┌──

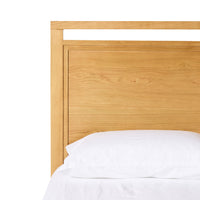 Avalon Queen Bed Light Oak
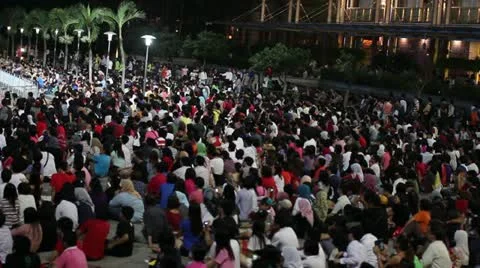 MALAYSIA - 2012: Crowded people watching tv in kuala lumpur Stock Footage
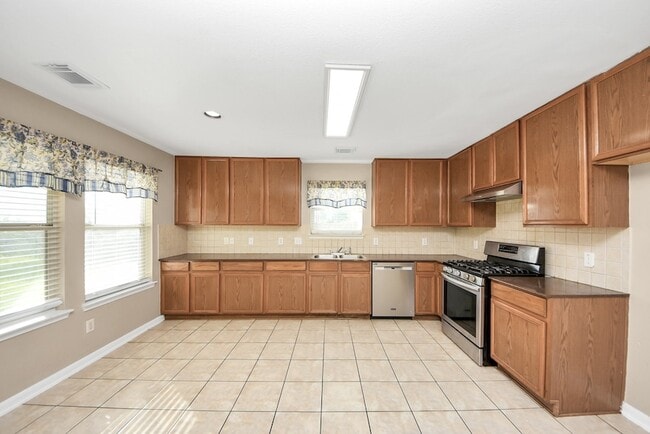 Building Photo - 15202 Lynford Crest Dr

└──

Exercise:
Retype the lines above exactly, no pictures.

Output of the task:
 Avalon Queen Bed Light Oak
 MALAYSIA - 2012: Crowded people watching tv in kuala lumpur Stock Footage
 Building Photo - 15202 Lynford Crest Dr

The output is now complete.